Compilers are definitely getting better at vectorising SIMD code on general-purpose CPUs, but can usually only handle fairly simple cases without significant manual help. Getting the best out of DSPs is much harder again - and if you are not getting the best out of the inner loops of your kernels, there's little point in using a dedicated DSP in the first place.

So far, so good.
But that is not correct. The work I have called "bureaucracy" overhead - hardware re-ordering, register renaming, speculative execution (especially when it is discarded, but also when it must be tracked and turned into "real" execution), and so on, is a large cost for modern processors.
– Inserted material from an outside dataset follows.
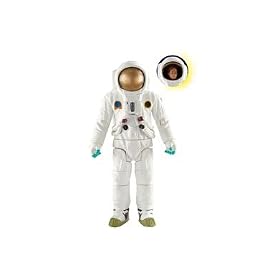Doctor Who 12.5cm Figure - The Astronaut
It is a major cost in development costs and times for the design, it is a big cost in complexity (and therefore risk of errors or security problems), a cost in die area (though not a big one), a big cost in power consumption (depending on the characteristics of the code that is running), and a limiting factor for clock speed.

Processors that emphasise lower power and cheaper devices minimise the "bureaucracy". They don't do multiple instructions per cycle, and their throughput is limited either by pipleline stalls or by the lower clock speed limits of short pipeline designs. But avoiding or reducing this kind of overhead is a major reason why ARM cores are generally more power efficient than x86 cores, and a major part of the design of "little" cores that have become popular for ARM, Intel and AMD.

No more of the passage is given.